**TASK INSTRUCTIONS**.
Where does the word "Volvo" occur in the entries below? Copy every line that has it.

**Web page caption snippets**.
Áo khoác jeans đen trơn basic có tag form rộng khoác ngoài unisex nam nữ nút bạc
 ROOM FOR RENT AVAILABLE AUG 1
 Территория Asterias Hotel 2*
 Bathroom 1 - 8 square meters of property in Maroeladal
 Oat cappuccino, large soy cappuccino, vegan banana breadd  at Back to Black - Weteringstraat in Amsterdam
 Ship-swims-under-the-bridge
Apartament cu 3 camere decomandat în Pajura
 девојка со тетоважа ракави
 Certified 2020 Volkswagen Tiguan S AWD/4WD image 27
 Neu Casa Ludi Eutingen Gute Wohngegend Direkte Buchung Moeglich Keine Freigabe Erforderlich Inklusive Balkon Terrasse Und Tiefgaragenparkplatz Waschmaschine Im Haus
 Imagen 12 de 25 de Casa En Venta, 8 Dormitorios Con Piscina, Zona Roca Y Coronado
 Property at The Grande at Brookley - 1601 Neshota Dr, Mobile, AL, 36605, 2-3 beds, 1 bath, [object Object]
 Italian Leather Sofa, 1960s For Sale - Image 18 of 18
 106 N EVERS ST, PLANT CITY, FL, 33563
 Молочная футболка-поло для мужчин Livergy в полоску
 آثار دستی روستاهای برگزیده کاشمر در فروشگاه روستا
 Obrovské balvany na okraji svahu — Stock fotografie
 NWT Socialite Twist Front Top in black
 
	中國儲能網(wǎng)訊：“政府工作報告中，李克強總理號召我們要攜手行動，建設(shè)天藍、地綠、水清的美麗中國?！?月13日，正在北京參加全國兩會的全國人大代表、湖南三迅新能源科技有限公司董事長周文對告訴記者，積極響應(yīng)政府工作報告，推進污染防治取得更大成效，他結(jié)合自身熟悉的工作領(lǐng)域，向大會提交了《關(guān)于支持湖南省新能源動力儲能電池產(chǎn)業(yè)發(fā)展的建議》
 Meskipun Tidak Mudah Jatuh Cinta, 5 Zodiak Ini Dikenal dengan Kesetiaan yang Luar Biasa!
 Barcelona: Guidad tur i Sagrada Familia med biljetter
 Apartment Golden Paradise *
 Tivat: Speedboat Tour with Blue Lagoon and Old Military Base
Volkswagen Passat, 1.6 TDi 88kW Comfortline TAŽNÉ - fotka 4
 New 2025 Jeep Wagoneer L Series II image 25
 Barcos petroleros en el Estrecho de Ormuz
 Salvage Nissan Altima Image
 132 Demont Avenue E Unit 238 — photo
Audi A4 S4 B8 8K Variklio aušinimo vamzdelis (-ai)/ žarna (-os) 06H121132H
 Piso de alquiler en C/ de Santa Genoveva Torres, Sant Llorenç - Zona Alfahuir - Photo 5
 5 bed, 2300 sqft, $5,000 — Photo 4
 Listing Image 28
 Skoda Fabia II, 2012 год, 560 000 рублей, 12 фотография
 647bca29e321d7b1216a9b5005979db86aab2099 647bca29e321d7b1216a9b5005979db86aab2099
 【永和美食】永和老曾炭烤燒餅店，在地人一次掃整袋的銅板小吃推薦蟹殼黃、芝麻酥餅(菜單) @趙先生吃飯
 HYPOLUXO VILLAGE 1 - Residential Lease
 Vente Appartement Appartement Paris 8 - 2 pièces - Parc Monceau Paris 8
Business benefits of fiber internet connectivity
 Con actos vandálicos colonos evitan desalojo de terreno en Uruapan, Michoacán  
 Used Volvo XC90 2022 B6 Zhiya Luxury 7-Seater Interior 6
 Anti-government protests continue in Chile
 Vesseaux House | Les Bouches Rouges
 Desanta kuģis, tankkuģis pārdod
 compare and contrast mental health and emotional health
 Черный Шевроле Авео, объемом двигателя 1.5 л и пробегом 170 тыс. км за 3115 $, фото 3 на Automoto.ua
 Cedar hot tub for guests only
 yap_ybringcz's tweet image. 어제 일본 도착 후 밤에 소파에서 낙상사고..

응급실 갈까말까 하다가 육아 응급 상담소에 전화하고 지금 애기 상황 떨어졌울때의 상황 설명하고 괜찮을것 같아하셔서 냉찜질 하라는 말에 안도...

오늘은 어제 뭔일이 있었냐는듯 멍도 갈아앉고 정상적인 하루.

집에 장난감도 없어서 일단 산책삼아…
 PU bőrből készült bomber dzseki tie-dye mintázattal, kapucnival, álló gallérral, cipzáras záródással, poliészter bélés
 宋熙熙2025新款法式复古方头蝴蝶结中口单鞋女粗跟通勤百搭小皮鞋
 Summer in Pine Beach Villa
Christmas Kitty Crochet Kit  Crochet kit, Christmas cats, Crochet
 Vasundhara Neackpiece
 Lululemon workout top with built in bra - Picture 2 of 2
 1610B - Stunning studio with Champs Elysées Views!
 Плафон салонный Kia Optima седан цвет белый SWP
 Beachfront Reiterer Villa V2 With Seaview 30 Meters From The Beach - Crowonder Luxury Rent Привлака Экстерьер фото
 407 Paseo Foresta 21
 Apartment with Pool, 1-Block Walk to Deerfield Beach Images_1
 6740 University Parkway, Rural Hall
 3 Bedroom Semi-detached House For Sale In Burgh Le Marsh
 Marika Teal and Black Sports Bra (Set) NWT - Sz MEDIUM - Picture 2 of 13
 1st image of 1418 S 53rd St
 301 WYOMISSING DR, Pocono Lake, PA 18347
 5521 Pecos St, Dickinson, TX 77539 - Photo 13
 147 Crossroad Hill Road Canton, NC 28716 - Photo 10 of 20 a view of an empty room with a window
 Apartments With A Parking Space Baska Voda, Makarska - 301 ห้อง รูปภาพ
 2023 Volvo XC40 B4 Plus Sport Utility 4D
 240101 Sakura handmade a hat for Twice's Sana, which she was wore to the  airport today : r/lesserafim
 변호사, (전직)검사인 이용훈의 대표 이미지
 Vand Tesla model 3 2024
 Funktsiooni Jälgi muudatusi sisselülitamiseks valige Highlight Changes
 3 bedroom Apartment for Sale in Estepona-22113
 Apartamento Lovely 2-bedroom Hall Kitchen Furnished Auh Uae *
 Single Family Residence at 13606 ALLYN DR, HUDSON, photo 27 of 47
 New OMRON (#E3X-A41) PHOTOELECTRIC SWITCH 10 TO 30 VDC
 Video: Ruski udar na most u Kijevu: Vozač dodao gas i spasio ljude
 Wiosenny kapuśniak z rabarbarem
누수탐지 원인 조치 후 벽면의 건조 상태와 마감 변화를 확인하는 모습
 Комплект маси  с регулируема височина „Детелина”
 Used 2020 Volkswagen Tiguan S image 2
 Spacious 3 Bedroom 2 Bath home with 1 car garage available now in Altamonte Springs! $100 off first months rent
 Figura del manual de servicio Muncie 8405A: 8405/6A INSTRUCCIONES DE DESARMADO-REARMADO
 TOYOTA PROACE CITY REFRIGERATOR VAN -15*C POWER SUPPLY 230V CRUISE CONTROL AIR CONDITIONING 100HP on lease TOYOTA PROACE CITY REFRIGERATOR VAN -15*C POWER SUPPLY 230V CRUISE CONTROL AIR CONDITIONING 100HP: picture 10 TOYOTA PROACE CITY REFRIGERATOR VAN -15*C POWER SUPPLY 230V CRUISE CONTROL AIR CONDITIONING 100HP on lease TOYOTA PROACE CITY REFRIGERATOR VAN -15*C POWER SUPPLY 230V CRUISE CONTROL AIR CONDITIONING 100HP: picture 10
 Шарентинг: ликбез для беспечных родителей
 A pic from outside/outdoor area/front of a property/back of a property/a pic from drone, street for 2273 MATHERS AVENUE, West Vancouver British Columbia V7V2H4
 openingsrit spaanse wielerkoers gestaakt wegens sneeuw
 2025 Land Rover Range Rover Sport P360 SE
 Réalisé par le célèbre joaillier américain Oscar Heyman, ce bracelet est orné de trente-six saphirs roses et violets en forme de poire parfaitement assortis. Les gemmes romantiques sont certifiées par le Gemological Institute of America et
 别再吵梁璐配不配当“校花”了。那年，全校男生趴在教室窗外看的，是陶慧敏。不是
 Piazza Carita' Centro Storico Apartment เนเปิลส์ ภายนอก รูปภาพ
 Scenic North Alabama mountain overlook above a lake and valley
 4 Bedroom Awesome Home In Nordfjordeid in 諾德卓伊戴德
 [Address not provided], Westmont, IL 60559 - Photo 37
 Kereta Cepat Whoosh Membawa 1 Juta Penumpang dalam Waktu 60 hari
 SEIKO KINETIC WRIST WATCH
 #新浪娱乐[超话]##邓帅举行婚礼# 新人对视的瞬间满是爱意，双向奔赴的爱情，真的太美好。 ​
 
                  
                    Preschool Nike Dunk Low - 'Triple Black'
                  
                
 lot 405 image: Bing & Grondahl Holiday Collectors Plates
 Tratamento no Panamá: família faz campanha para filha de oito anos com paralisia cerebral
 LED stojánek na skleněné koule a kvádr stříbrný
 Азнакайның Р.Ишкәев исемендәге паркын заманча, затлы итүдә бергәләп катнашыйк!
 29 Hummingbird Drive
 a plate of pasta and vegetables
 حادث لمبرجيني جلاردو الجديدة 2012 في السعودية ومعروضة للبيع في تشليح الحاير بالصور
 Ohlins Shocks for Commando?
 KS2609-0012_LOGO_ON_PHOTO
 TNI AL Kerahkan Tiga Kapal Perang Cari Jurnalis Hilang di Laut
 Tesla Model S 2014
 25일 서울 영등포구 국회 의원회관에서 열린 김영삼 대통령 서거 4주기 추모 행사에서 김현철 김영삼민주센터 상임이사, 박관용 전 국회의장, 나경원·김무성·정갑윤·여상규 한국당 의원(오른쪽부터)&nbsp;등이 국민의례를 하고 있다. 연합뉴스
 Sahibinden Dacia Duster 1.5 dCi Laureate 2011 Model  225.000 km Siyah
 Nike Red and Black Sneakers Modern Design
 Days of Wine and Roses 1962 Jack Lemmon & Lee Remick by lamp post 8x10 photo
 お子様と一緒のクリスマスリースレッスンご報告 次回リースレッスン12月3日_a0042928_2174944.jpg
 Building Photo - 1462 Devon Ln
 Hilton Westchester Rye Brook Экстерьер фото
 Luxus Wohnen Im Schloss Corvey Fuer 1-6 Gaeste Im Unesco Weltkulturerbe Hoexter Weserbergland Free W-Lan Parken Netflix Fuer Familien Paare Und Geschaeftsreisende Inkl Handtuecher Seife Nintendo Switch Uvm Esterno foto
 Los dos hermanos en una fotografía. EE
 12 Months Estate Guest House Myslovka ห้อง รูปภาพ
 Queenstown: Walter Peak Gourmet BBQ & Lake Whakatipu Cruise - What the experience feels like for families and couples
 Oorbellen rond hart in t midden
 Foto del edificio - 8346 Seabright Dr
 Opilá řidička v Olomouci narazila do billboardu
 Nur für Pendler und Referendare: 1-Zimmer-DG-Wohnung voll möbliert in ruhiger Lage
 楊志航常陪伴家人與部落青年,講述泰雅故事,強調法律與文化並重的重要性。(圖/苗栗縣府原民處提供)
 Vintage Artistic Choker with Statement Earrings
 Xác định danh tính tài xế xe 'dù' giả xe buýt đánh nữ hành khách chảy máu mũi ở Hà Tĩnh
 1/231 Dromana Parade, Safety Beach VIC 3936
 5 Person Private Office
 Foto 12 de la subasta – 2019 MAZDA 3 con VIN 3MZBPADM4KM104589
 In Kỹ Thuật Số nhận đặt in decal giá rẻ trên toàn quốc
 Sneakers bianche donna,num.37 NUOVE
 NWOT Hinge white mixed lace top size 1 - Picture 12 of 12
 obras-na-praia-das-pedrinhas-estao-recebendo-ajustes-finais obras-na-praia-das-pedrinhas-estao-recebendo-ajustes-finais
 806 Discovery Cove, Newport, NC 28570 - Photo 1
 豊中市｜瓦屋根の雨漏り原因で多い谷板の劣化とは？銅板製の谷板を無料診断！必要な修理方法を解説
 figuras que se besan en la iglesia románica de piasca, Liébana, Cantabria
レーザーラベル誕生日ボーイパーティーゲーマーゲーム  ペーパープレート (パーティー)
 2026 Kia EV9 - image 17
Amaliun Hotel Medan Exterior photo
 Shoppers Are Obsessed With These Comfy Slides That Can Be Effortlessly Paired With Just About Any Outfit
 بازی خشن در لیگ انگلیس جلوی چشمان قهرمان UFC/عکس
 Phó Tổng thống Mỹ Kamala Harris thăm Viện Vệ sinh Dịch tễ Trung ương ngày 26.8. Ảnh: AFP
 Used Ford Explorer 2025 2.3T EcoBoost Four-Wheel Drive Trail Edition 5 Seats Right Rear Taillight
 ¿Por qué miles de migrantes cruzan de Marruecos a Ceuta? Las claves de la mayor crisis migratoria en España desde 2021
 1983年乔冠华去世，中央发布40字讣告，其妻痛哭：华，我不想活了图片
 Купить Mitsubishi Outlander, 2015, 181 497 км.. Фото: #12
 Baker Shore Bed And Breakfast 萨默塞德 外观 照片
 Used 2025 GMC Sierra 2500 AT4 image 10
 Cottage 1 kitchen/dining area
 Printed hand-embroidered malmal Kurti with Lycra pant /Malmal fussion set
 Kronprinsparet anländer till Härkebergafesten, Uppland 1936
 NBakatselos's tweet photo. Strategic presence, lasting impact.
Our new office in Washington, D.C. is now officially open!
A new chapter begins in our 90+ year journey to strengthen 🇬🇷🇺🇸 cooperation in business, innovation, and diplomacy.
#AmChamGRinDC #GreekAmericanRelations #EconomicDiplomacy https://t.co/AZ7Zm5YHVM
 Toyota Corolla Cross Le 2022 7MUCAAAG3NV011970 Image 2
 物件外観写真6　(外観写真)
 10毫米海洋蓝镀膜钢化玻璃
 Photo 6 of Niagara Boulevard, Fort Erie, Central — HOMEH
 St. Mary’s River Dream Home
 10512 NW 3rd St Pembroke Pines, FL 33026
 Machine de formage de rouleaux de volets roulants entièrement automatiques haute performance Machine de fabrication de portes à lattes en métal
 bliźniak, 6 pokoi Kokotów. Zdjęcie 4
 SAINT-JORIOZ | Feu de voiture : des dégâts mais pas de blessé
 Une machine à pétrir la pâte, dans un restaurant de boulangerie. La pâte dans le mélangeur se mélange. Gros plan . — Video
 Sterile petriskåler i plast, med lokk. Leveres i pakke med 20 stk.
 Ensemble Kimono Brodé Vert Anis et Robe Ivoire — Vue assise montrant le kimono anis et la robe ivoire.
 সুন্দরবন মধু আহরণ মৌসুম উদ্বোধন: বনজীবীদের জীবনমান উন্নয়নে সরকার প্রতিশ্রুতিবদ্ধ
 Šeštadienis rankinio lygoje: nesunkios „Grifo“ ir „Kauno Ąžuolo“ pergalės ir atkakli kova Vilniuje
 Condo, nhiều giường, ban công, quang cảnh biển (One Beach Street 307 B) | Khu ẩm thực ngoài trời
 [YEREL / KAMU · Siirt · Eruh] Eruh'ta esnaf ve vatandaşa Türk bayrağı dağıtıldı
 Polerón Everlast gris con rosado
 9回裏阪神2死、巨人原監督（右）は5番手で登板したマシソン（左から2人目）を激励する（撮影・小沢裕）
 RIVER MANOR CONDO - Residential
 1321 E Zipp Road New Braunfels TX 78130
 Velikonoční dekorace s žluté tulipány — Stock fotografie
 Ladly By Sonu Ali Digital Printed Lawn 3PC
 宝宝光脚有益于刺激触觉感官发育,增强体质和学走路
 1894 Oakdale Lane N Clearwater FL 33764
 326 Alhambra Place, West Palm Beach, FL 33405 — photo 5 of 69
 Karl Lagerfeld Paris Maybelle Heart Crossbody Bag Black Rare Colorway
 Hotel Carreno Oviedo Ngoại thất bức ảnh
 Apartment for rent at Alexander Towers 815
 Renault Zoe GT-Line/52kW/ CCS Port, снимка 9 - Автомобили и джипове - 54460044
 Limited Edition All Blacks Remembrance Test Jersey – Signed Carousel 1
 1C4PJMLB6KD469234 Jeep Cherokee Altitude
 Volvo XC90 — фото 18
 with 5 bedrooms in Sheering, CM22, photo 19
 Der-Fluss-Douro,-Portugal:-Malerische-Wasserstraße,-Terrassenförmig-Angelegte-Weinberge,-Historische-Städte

**ANSWER TO THIS PROBLEM**.
 Used Volvo XC90 2022 B6 Zhiya Luxury 7-Seater Interior 6
 2023 Volvo XC40 B4 Plus Sport Utility 4D
 Volvo XC90 — фото 18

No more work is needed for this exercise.